The round values MuleSoft at $1.5 billion, nearly double its $800 million mark of a year ago. More important to Schott is who gave much of the money: strategic investors who recognize MuleSoft's ability to connect businesses by their devices and apps across any data source. "You win or lose with data you connect to other apps," Schott says.

MuleSoft has done it in part through APIs, sets of protocols that tell which pieces of the software to interact. That's critical for large businesses moving mobile and expecting to use data from on-premise sources alongside their programs in the cloud.

Salesforce.com, Cisco and ServiceNow need that capability themselves. So it's no surprise their investment wings would get involved. Salesforce Ventures took the lead, with ServiceNow and a return bet from Cisco Investments. They join VC firms NEA, Lightspeed Venture Partners, Meritech Capital Partners, Bay Partners and more in the nine-year-old company based in San Francisco.

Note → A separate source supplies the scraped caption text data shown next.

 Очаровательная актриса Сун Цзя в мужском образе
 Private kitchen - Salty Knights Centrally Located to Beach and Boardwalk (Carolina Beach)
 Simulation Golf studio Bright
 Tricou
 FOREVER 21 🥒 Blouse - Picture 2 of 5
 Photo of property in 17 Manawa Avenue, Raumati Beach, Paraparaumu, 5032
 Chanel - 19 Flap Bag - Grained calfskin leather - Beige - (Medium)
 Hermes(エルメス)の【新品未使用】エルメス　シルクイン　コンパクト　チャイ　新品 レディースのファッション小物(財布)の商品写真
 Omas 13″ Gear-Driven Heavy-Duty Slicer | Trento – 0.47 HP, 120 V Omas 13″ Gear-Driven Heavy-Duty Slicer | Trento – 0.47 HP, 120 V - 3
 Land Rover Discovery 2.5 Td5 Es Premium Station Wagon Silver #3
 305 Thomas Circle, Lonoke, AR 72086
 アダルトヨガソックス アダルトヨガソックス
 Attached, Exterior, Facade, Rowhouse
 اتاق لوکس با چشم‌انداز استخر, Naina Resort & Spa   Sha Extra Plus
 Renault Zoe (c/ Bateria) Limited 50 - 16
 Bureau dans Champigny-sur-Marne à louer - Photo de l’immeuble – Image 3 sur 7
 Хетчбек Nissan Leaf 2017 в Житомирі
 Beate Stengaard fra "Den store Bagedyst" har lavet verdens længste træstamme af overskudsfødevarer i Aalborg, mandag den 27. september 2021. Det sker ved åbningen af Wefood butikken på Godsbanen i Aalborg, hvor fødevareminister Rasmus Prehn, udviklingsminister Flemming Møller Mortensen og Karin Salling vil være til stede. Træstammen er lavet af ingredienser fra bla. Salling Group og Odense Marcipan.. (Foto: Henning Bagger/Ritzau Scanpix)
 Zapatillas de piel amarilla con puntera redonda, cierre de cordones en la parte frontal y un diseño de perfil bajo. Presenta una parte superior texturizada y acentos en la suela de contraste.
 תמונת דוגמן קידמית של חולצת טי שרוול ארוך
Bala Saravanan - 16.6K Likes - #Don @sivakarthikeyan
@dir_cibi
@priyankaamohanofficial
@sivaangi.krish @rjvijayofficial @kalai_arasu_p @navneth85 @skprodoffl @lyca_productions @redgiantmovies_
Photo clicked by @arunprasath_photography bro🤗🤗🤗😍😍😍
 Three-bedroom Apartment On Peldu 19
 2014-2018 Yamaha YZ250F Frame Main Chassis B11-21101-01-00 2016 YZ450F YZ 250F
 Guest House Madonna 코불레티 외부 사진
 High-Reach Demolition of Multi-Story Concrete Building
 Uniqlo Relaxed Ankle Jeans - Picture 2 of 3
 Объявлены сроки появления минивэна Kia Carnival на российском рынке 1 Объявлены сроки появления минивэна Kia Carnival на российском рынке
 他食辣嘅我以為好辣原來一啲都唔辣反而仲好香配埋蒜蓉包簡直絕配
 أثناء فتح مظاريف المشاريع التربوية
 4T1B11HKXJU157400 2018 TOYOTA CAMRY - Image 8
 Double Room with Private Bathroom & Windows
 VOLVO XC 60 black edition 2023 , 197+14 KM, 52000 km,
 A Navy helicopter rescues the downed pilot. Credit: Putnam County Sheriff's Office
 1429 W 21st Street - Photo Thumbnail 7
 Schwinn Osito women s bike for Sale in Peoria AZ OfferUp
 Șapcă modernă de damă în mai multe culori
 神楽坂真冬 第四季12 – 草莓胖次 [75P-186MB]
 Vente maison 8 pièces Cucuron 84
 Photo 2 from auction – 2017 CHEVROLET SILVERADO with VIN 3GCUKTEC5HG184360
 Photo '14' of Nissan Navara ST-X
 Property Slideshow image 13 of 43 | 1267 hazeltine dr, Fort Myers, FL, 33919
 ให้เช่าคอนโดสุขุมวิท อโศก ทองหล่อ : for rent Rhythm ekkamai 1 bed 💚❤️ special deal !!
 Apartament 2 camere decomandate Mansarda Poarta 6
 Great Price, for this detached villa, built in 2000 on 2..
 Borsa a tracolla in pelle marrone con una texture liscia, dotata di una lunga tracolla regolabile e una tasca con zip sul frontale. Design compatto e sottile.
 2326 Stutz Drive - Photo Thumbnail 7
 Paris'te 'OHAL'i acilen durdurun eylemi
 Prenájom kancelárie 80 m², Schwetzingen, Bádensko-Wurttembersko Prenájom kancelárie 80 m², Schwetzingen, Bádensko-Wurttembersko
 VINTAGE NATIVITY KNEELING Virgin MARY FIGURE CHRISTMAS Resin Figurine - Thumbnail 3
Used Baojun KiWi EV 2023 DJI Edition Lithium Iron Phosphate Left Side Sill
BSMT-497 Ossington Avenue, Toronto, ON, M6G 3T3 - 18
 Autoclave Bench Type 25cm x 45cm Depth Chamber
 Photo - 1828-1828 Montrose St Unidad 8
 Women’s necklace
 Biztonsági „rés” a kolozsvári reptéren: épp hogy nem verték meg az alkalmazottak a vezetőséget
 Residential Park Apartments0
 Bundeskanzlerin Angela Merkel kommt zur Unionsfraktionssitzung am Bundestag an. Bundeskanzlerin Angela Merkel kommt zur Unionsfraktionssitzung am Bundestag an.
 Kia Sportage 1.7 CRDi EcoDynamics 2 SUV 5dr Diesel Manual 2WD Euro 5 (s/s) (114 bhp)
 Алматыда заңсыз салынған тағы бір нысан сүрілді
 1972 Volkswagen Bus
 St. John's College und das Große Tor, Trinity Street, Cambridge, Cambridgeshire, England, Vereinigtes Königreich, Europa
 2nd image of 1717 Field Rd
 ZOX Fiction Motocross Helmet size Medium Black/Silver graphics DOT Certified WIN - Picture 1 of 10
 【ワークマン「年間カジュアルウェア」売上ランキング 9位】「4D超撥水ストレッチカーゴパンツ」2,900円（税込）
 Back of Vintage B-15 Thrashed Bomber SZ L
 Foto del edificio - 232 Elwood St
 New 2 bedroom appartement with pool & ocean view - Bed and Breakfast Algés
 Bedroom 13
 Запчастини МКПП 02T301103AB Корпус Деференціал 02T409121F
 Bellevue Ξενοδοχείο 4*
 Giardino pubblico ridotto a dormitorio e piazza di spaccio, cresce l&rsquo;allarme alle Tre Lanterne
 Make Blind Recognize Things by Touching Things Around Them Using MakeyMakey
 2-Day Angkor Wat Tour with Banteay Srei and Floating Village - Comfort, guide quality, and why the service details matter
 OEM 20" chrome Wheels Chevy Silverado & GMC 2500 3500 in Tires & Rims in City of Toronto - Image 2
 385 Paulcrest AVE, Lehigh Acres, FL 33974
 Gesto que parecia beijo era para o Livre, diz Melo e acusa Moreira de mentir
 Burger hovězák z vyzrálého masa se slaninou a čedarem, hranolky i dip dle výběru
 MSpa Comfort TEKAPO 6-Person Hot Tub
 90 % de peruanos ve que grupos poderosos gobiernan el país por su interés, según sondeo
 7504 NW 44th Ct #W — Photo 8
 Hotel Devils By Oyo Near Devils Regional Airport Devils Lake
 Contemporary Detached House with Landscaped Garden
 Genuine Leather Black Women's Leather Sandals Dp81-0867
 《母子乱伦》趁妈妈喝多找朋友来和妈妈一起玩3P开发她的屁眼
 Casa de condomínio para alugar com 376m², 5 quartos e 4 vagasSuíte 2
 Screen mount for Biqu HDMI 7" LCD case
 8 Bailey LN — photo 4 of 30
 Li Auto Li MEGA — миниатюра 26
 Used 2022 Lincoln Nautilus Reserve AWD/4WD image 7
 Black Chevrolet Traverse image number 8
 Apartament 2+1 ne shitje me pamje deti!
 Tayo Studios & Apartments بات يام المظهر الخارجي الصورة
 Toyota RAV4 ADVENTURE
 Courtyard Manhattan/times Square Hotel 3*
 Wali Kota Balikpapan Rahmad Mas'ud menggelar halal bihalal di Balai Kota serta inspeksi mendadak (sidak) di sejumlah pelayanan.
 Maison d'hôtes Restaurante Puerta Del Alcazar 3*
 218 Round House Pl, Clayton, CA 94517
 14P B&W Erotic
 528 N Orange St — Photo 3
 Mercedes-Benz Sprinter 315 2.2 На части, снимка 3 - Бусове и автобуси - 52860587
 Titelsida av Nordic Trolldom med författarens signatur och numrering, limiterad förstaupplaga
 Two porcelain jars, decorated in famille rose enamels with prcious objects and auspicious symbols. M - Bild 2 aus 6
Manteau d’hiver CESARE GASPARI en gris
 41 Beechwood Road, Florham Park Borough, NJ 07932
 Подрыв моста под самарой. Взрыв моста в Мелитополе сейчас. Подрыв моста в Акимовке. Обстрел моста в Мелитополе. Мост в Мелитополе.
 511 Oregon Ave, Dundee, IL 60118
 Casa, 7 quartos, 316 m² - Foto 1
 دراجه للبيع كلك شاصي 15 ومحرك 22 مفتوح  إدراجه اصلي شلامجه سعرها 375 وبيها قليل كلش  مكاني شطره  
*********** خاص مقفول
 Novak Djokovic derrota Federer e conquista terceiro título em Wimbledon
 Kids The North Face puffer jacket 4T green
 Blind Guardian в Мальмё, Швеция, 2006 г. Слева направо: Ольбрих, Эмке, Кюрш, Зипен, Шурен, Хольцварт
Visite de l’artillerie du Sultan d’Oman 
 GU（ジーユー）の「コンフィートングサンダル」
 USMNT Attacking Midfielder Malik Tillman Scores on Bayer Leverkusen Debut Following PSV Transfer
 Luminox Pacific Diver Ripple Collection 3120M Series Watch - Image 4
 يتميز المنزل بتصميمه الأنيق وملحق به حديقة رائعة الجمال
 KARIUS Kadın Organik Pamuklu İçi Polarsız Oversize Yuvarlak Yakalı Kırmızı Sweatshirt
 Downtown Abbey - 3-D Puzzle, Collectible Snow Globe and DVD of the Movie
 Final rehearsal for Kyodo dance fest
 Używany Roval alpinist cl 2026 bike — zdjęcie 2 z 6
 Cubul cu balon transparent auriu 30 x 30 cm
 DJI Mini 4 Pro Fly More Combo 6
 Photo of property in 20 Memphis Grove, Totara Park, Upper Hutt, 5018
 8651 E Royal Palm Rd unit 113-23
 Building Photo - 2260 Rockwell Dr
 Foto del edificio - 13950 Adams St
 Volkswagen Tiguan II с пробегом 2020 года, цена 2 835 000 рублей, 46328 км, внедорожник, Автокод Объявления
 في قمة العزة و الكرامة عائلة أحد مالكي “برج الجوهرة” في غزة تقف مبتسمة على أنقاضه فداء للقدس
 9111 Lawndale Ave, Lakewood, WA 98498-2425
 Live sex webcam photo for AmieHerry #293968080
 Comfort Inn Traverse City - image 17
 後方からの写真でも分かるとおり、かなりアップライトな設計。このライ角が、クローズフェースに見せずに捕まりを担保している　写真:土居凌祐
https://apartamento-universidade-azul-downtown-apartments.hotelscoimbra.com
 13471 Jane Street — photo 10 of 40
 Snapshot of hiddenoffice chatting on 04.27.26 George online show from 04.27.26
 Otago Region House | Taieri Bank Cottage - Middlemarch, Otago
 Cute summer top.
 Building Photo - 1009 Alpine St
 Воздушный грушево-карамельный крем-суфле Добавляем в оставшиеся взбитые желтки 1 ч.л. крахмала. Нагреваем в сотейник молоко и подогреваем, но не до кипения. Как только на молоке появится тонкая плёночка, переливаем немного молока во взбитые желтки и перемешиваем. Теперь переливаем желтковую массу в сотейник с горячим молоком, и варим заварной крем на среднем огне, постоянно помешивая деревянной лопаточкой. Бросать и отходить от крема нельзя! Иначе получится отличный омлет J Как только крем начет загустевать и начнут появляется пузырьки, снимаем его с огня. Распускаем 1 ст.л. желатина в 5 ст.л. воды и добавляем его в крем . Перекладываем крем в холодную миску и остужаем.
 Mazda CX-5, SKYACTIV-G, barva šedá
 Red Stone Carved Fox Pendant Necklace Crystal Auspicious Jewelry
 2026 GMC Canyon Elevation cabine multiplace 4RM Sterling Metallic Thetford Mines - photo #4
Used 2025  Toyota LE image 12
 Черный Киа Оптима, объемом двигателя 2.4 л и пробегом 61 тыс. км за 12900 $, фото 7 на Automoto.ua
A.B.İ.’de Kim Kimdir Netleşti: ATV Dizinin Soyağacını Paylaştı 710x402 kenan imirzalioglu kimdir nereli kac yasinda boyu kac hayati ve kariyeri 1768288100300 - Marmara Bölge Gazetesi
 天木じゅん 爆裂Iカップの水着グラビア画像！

MuleSoft's annual run rate for bookings is now past $100 million, Schott says, with 110% growth in Q1 year-to-year. The company's tripled its customer base in the past three years to more than 700, and employs 500 people worldwide.

Faster integrations mean companies like Salesforce can conduct more business with their own customers, says investor Chetan Puttagunta at New Enterprise Associates. "It's a way to ensure that customers are getting the full value out of that application."

To keep it up, MuleSoft will likely make acquisitions with the money from this raise, Schott tells Forbes. The company's finally big enough that Schott doesn't know everyone on his payroll--he gave up his longstanding practice of interviewing every new hire in Oct. 2014 (he says he had more than 600 interviews last year).

The market opportunity, MuleSoft believes, could be as great as $600 billion, the total networking layer market. Connecting all devices and data across the networking layer, Schott says, has never been adequately done before. MuleSoft's large amount of cash raised to date should insulate it against any possible tightening in fundraising in a possible market correction to come. But Schott says it's the addressable market, not fear of future market conditions, that encouraged MuleSoft to raise. "We're building a real company here," he says.